No traditional styles here. The nerdy Christmas jumper wearer is kitted out in clothes depicting their favourite slogans from the world of TV, films and video games. Instead of Father Christmas you’ll see Chewbacca. Instead of reindeer you’ll see velociraptors. And there’ll be so many “clever” slogans emblazoned across them from “Winter Is Coming” to “Now I Have A Machine Gun Ho Ho Ho” to obscure lines from the once-aired 1962 Doctor Who Christmas Special. In fact, the more obscure the better so if you don’t get the reference, don’t worry. They prefer it that way.

3. The inappropriate

Seeing every opportunity as a chance to shock and amaze, thus showing how wild and daring they are, the inappropriate Christmas jumper wearer will be well prepared for the day, having sought out his jumper from the darkest corners of the internet weeks in advance. Blending traditional festive style with images of sex, violence and Santa urinating on reindeer, the only thing that will spoil this comedic maverick’s fun will be the other office clown turning up in the same jumper. Not to worry though, because their jumpers will only stay on until Carol from HR turns up with a reminder of company policies…

4. The homemade

The homemade jumper wearer has put more time, care and effort in to this hand-knitted creation than an entire year’s worth of her actual work. Starting from instructions she found on youtube, she’s adapted the design as she’s gone along to draw her own personality in. Yes the pattern’s a little askew, and one of the snowman’s arms is longer than the other, and there’s some sort of animal that might be a dog that probably has a fascinating and deeply personal backstory that she’s been practicing for days but on the surface doesn’t appear to have anything to do with the rest of the festive design, but it’s still an impressively constructed top for one person to have made. And one that is guaranteed to win that £5 gift card promised to the best jumper in the office.

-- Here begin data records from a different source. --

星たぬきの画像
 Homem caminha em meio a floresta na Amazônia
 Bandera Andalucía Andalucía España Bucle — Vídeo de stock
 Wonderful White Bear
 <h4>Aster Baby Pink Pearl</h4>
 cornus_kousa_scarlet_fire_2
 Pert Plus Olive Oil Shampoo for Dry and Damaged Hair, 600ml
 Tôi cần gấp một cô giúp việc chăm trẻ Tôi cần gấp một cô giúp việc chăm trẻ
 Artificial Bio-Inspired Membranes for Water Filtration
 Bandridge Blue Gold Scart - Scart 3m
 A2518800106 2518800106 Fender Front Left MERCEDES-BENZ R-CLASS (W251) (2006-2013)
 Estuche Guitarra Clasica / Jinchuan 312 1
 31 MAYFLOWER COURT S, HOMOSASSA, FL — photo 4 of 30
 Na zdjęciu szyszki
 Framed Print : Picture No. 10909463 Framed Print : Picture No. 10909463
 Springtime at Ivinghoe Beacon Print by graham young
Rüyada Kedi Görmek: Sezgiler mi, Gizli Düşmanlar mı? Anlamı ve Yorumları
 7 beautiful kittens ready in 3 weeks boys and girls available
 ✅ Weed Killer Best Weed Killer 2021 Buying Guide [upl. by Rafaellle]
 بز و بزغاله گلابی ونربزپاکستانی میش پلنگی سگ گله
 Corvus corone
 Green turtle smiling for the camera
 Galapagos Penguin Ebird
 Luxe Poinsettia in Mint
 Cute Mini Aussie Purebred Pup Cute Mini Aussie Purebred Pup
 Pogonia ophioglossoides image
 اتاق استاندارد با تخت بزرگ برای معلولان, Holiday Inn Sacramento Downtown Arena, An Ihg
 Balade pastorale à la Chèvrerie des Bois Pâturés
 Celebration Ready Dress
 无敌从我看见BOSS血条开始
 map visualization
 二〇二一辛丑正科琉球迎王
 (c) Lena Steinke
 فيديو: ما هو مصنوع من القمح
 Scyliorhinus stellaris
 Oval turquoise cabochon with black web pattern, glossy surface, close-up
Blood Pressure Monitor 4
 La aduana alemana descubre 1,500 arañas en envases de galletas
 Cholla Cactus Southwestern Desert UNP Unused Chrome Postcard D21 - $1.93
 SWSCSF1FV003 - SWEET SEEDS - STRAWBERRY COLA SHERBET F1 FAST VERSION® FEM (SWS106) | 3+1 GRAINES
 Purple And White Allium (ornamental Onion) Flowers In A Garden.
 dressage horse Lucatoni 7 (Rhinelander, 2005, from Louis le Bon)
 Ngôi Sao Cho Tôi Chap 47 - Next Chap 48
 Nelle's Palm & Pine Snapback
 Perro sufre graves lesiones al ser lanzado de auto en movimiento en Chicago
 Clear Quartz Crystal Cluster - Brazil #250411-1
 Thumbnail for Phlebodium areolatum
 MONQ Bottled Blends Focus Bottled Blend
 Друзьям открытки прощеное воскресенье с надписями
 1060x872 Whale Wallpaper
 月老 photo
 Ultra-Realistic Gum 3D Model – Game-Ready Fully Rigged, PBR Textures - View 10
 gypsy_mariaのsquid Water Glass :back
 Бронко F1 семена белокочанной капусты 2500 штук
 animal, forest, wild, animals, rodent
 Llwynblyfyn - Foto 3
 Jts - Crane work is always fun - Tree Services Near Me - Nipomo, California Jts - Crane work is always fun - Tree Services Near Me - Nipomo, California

5. The homemade (but rubbish)

Ah, the ones who thought they could get away with it. Not one to give in and buy a tacky Christmas jumper, they thought that they too would be able to fashion one out of something else. But their ambitions were too high and now they have to slink in to the office in their pitiful plain top with a misshapen paper Father Christmas glued on the front, with a bit of glitter sprinkled over that you’ll all still be finding on your desks at Easter. They’ll try and laugh it off, but you’ll all be able to see the deep shame in their eyes as the pathetic picture slowly droops, finally falling to the ground around mid morning.

6. The non-participant

Sitting smugly at their desk like they’re so enlightened that the idea of taking part in an activity as simple as putting on a jumper is beneath them, the non-participant feels no shame in ruining everyone’s fun. They’ll wear their normal clothes thank-you-very-much, keeping themselves out with excuses like “I just don’t own a Christmas jumper” or “I don’t see the point” or the very worst “I forgot”. So you’ll drag them in to the office picture anyway and they’ll be forced to stand awkwardly at the side looking more out of place and stupid than if they’d just joined in to begin with, and everyone will remember not to buy them a round at the Christmas party.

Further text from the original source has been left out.